A few days into our trip, I get an email from the loan processor casually requesting more documents. Huh? I said. Why am I getting this request now. The loan processor was dense, but eventually acknowledged that she had not been informed I would be travelling and if she had, would have gotten her request in before I left. So, I dance the tune called by the incompetent loan officer and coordinate for the delivery of the documents. A couple of weeks later, still while I am out of town and one week before closing, the loan processor emails me and says that because $15, 000 was no longer in my money market account (I had transferred it to a local bank in preparation for the wire transfer) and was no longer available for the reserve funds the lender required, I needed to send statments for other accounts showing I had the necessary reserves.
Huh? What reserves? The loan officer knew, because I told him repeatedly, how much money I had and that it would just be enough to cover the down payment and closing costs. Who said anything about needing to have more money available? Nobody, until a week before closing. The loan processor refused to acknowledge I had been screwed over, so I spoke with her supervisor in the hope of obtaining full information. After all, if the person I was dealing with was too dense to understand that I applied for the loan because I didn't have any money beyond the down payment and closing costs, and that her request for documentation of additional reserves was not simply a minor nuisance, then what else was she unclear about?
I figured I had just barely enough to cover the six month reserve that had been thrown at me, but not wanting to continue dancing to the tune called by fools and spending my time sending statements for all my accounts with next to nothing in them, I needed to speak with someone who knew what she was talking about. A minute into the conversation, she informed me that in addition to the six month reserve on the investment property, I needed to have two months reserve for my own.

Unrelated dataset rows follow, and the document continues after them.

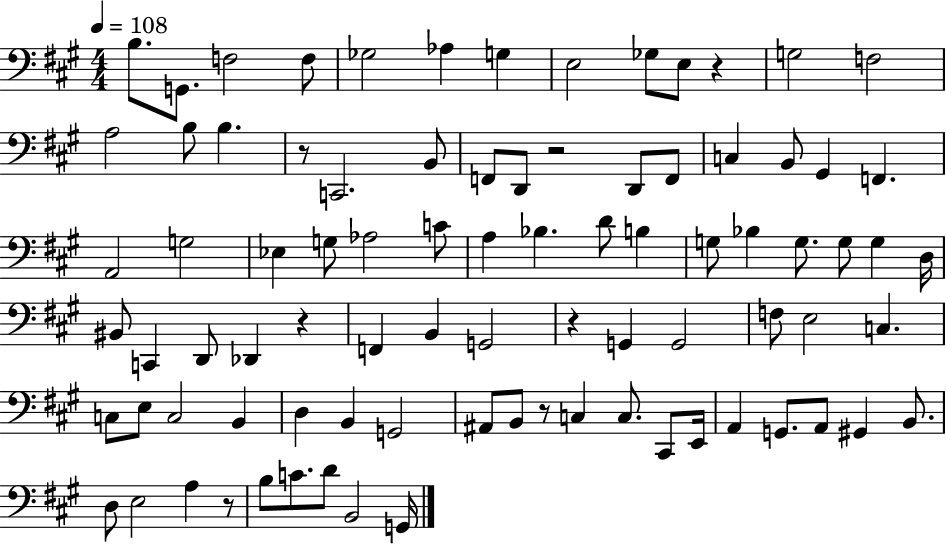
X:1
T:Untitled
M:4/4
L:1/4
K:A
B,/2 G,,/2 F,2 F,/2 _G,2 _A, G, E,2 _G,/2 E,/2 z G,2 F,2 A,2 B,/2 B, z/2 C,,2 B,,/2 F,,/2 D,,/2 z2 D,,/2 F,,/2 C, B,,/2 ^G,, F,, A,,2 G,2 _E, G,/2 _A,2 C/2 A, _B, D/2 B, G,/2 _B, G,/2 G,/2 G, D,/4 ^B,,/2 C,, D,,/2 _D,, z F,, B,, G,,2 z G,, G,,2 F,/2 E,2 C, C,/2 E,/2 C,2 B,, D, B,, G,,2 ^A,,/2 B,,/2 z/2 C, C,/2 ^C,,/2 E,,/4 A,, G,,/2 A,,/2 ^G,, B,,/2 D,/2 E,2 A, z/2 B,/2 C/2 D/2 B,,2 G,,/4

Meanwhile, the loan officer is sending me emails with his ideas on how to solve the problem (that was resulting from his ignorance). They could make x amount more available if I took a higher rate. Perhaps they get away with renegotiating in this way with desparate people who think they are about to close and move into a new home. Probably. I told him to take a hike, not mentioning that my confidence in him was zero. As it turns out, even after he was made aware of the problem, he was still unable to come up with the right numbers. The x he mentioned was still far short of what was needed because of the other reserves.

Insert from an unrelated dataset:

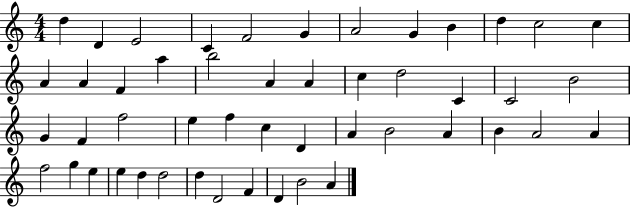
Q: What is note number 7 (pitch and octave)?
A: A4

The backdrop is that the seller is leaving the country a few days after the closing date, again something NASB knew.
The appraisal I paid for is worthless, of course, as no lender these days will accept it.
So, if you want to deal with what seem to be children who have no idea what they are doing, who refuse to acknowledge their errors, but who offer to fix them by having you take a worse deal, then by all means go ahead and do business with NASB.